Glad to hear! Good to know that this pup is already being set-up to succeed!


----------



## Lauri & The Gang (Jun 28, 2001)

Waiting until 6 mmths is wrong. All my guys started obedienc classes at 8-10 weeks - right after they came home and got settled. 

Those early weeks are critical for socialization and training.


----------



## JerzeyGSD (Jun 26, 2008)

I would definitely recommend a puppy socialization class. We DID sign up for one but, all of the sudden, Jerzey was afraid to leave the yard so we cancelled the class (just one of those petsmart classes) and hired a private trainer. Now, no complaints with her or anything but if we had had the money I wish would could have taken the time to really socalize her to other dogs. She's totally fine with dogs, but is still a bit afraid of playing with more than one dog at a time. I know this doesn't 100% relate to your problem, but I think having your puppy learn appropriate behavior from other puppies will be key in helping you overcome the nipping.


----------



## WiscTiger (Sep 25, 2002)

I chime in here as a person who got my first GSD pup at 5 weeks, luckly I had quite a bit of experience with hard dogs. The three week difference from getting a pup at 5 weeks old verses 8 weeks old is not just big it is HUGE. I knew that my pup did not have lessons from his littermates on bite inhabition or playing nice. So that was a challenge. 

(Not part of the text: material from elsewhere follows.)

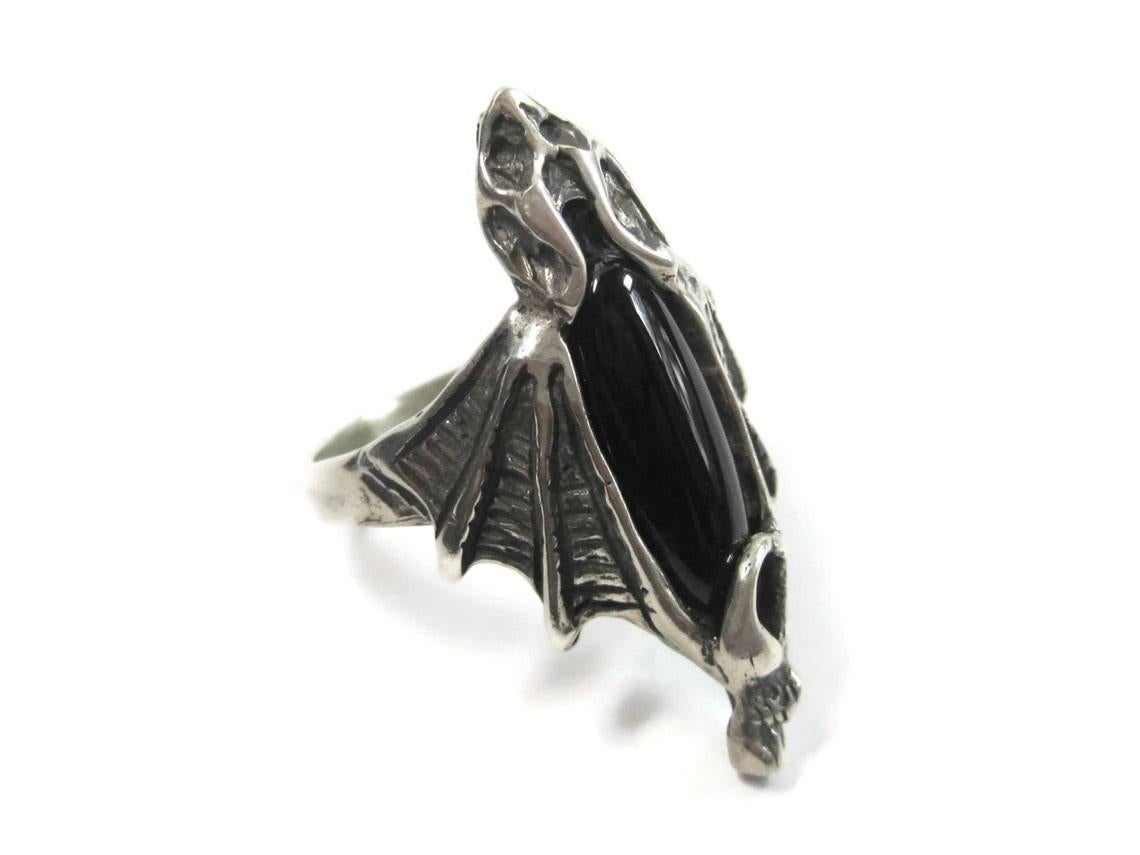 Vintage Sterling Onyx Vampire Bat Ring Size 12 In Excellent Condition For Sale In Webster, SD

A few lessons I learned Cowboy boots are a godsend, puppy can't bite through leather. Jean and shirts are replaceable, if not don't wear them around puppy. Scratch marks and bite marks heal, you may have some scars. But never never break a puppies spirit. You learn to accept some of the this listed as part of the price of getting a 5 week old pup. What works with 8 week old pups doesn't always work for 5 week old pups, because the attention span is even shorter thatn 8 weeks. I wouldn't bother to teach commands, my focus would be teaching that there are play toys and my skin isn't one of them. When you pup is playing tug and gets fixated on your hands, it is game over, you just leave the toy and tuck your arms into your body. Br prepared the first time or two the pup is going to try to force you to respond by biting or barking at you. You can walk away, one thatn once I was walking with a pup attached to my jeans. If you give you pup something to fight against or rebel against they will. If you pup is still to over stimulated then a little time out is in order for both of you. 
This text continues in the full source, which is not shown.